## [Required action]
Under this line are the records; write out word for word the part that begins at the line containing "The transformation for" and ends at the line containing "Mpox Dapat Sebabkan Komplikasi Serius", and no more.

## [Data supplied]

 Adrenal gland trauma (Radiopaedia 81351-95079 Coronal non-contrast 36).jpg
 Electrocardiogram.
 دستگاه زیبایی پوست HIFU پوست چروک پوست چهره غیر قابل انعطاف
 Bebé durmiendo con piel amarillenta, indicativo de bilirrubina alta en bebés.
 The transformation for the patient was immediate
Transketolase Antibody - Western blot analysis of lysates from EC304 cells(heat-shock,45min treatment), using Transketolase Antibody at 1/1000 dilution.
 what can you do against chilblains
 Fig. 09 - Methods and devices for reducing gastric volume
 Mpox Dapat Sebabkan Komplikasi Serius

* * *

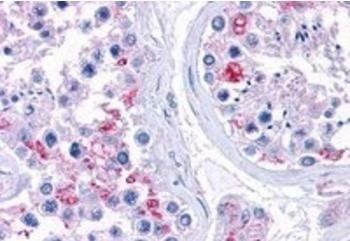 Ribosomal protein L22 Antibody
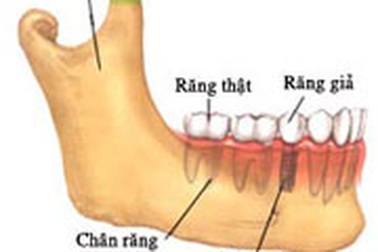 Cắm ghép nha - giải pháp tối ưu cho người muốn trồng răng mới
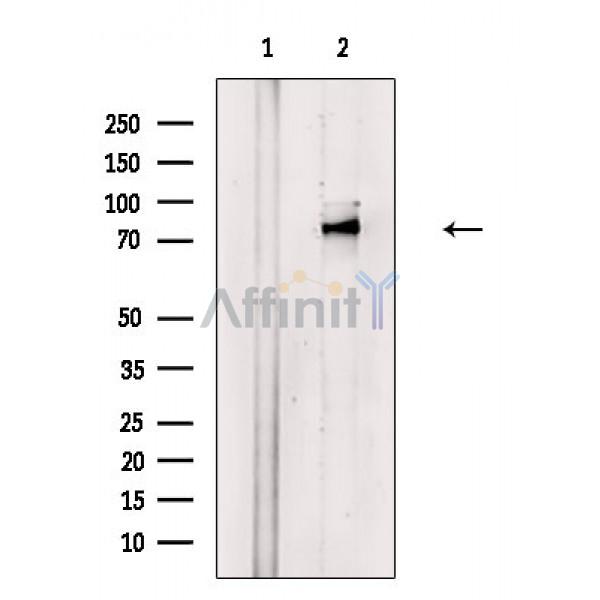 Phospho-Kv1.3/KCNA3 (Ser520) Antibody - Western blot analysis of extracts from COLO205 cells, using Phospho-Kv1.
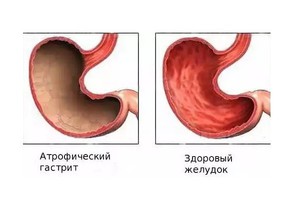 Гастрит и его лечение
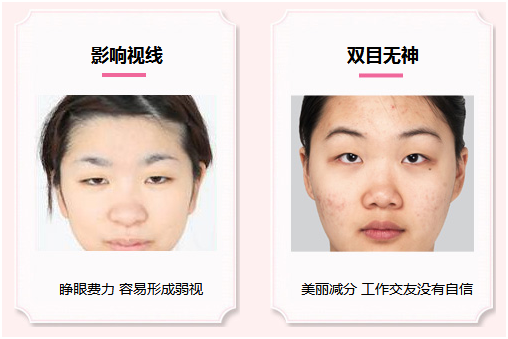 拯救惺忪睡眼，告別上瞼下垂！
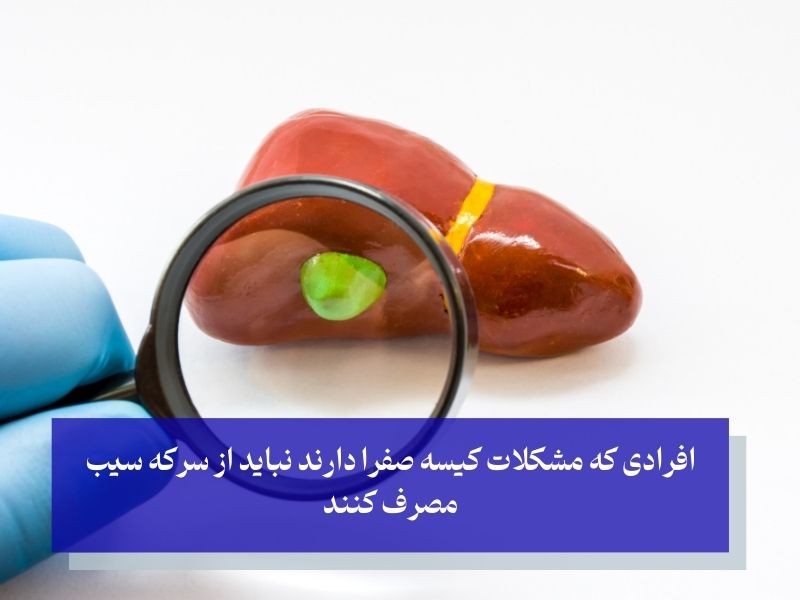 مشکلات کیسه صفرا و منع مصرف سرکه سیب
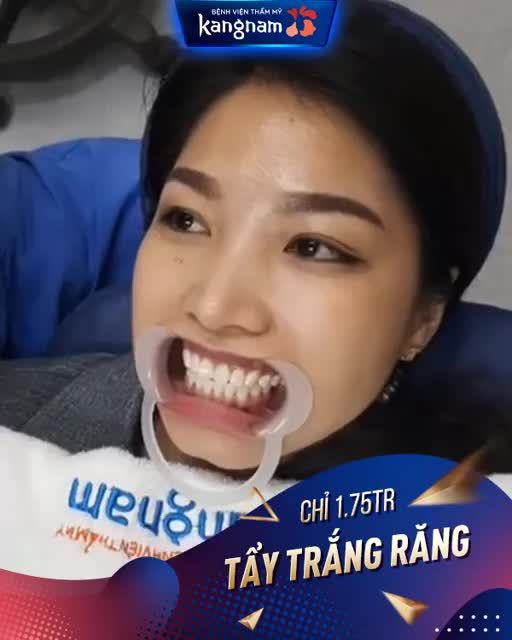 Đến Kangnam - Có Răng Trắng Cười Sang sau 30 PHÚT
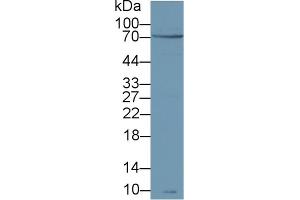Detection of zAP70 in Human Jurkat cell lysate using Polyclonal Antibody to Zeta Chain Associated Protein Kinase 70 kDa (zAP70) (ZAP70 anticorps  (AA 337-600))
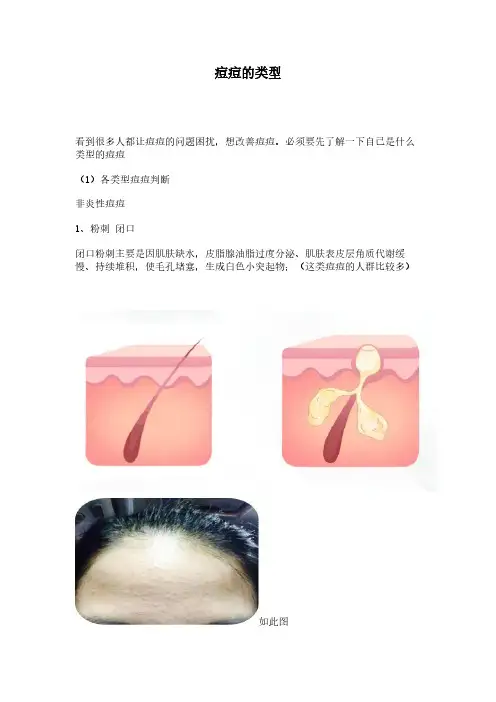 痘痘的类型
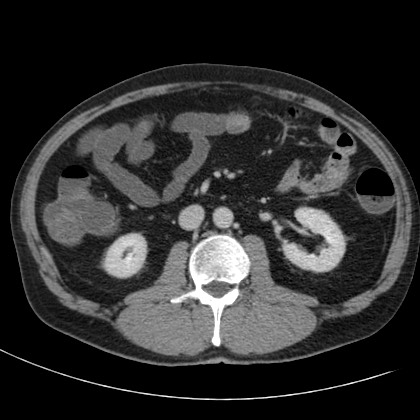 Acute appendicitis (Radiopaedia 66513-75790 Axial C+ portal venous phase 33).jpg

## [Answer for this exercise]
 The transformation for the patient was immediate
Transketolase Antibody - Western blot analysis of lysates from EC304 cells(heat-shock,45min treatment), using Transketolase Antibody at 1/1000 dilution.
 what can you do against chilblains
 Fig. 09 - Methods and devices for reducing gastric volume
 Mpox Dapat Sebabkan Komplikasi Serius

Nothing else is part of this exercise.